- **Brief**: From the records below, please print only the lines from the one containing "Tibetan Mastiff Dog Breeds" through the one containing "GNOME *CL* - Boxer available for adoption", both included. Skip the pictures.

- **Supplied information**:

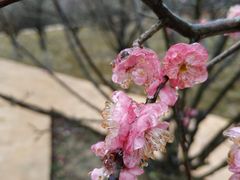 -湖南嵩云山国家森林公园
...
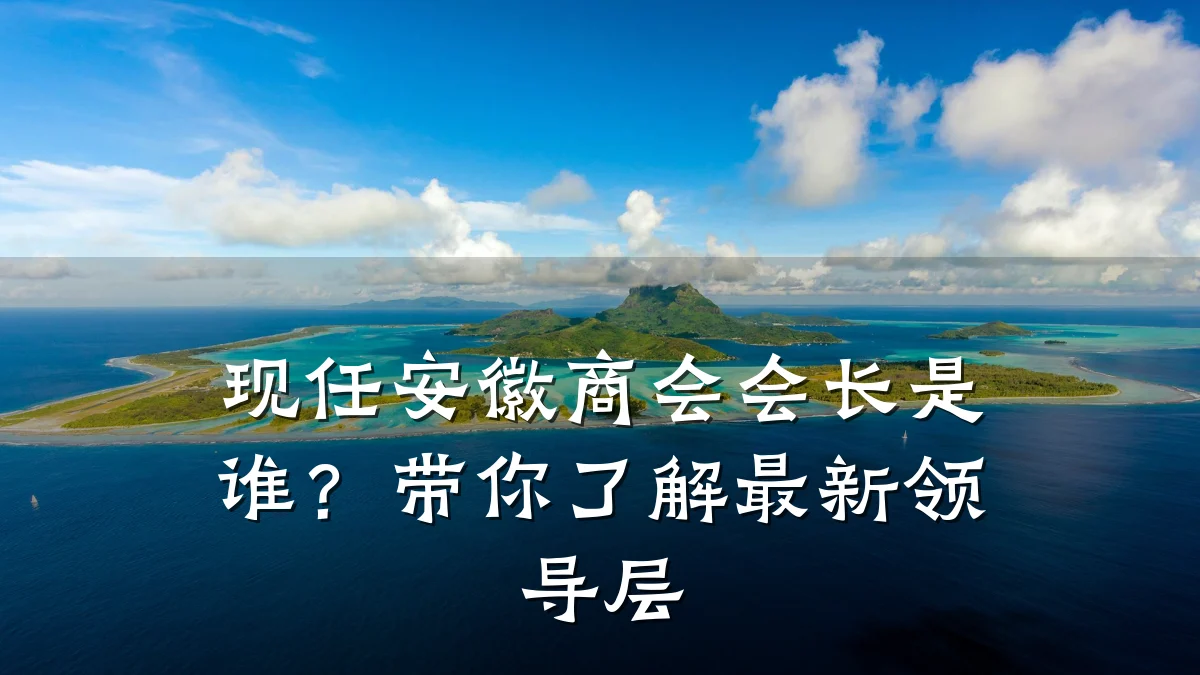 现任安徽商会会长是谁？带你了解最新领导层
---
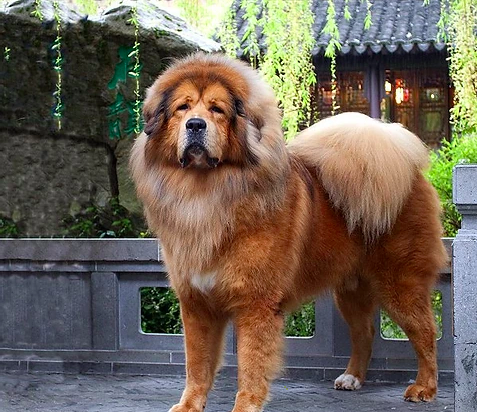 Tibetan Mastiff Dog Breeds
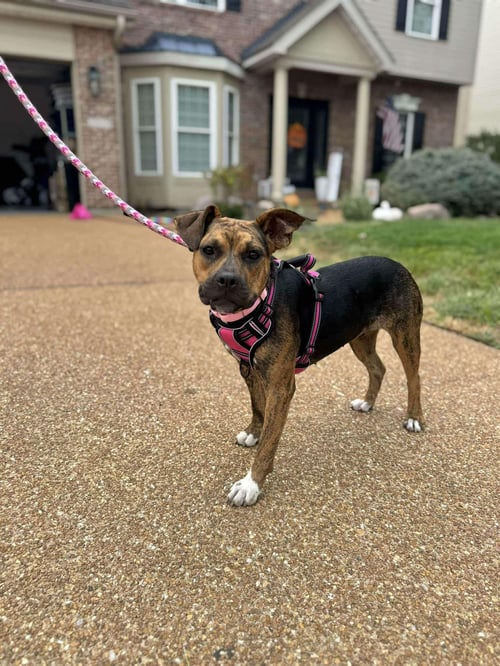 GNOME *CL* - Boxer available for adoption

- **Reply to the exercise**:
 Tibetan Mastiff Dog Breeds
 GNOME *CL* - Boxer available for adoption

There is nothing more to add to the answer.